Here is my contribution to the challenge. I stole off the net as many of us do.
It is a cataloging of various* Murray middleweight and muscle bike ads*. There is also a *Western Flyer ad page and a 70's Magazine ad page *in this  yuku.com link.
I assume this is what your hoping for and have challegenged us Caber's to contribute.

http://murrayeliminatormusclebikes.yuku.com/forums/68/Murray-Catalogs-Ads

Let me also mention, in our quest to get as much information as we can as to what the bike we have is, I have found searching "Google Images" and "Google Books / Magazines" for some of my research of a particular Bike. *BoysLife and Popular Machanics mags *have been helpfull.

There is a few serial number projects out there on the web as well but, I think I will wait for someone esles to post what they think is correct.
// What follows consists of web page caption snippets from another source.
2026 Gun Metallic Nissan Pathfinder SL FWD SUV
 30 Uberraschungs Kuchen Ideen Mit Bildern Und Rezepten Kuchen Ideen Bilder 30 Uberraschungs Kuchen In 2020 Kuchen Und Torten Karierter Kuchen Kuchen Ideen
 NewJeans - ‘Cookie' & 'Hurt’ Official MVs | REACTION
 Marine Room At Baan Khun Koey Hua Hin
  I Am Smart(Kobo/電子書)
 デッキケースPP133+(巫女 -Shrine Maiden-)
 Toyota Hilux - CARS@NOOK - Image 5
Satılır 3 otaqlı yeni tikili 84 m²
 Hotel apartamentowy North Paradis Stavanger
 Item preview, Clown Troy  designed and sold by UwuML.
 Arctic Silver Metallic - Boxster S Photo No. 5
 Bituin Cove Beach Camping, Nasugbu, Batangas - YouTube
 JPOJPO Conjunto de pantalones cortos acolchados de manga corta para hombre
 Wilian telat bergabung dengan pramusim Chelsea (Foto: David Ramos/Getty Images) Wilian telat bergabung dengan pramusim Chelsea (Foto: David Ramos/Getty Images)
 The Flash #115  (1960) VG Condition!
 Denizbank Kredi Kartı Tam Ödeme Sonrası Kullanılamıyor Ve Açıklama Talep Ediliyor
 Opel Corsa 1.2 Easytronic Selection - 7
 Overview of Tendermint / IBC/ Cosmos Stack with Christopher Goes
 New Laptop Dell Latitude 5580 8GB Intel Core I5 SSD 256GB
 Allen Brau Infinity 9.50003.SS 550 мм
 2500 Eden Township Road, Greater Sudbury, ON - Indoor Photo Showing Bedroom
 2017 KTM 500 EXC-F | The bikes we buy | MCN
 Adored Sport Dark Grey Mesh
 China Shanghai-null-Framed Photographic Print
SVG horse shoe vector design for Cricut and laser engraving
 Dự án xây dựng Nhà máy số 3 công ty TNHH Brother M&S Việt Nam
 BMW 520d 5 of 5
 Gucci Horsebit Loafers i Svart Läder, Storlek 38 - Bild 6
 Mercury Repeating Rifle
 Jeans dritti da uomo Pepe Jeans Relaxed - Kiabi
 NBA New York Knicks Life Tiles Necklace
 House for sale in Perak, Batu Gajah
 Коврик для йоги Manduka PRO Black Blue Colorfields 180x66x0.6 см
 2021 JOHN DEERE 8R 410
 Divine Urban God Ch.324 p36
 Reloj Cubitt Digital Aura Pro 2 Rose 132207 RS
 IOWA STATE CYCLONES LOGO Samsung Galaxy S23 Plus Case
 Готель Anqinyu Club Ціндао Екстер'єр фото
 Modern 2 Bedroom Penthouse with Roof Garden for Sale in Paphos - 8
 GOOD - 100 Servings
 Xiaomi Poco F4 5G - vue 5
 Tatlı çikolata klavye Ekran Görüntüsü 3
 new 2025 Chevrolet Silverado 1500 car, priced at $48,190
I don't feel confident that what I have saved in my computer library is accurate. I have the Murray Serial number Project and Schwinn serial number listings if no one contibutes.


----------



## PCHiggin (Feb 10, 2012)

*Heres A Ton Of  Schwinn Cats...*

Not mine and I didn't compile any of it. A couple of guys from the old Schwinn site did all of the work. This Tom Findley (I've never met) has been nice enough to host it.I hope he wont mind my posting it here...........http://www.trfindley.com/pg_schwinn_cats.htm


----------



## PCHiggin (Feb 10, 2012)

*Not A Catalog But...*

A wealth of info. on Bendix hubs. From the Findley site as well......http://www.trfindley.com/pgbndxhbs.html


----------



## partsguy (Feb 10, 2012)

I would be very grateful if somebody found the ads in my sig. I'm trying to figure out how to scan my 1978-1984 Western Auto catalogs because those big things don't do so well in the sanner. 1985-2001 should be no problem. The good news is, from studying time and again on the late model Flyers, I'm confident of the information I'm about to present.

There are still a couple missing links in the catalogs. I still need 1981, 1982, and DEALER VERSIONS of 1986-1991. 1988-1991 are covered through various Christmas catalogs. 1978-80, and 1983-84 are very common and easy to find. The rest? Well, lets just say it took me since June of 2009 and an undisclosed amount of money.

Now, where do you want to us post, Scott? I strongly suggest a seperate forum with all brand names started by a moderator in alphabetical order. This will keep things neat, clean, and easy to find.


----------



## DonChristie (Feb 10, 2012)

The Findley site is Great! 

Heres a Catalogue from Iver Johnson I posted awhile back. No year on literature.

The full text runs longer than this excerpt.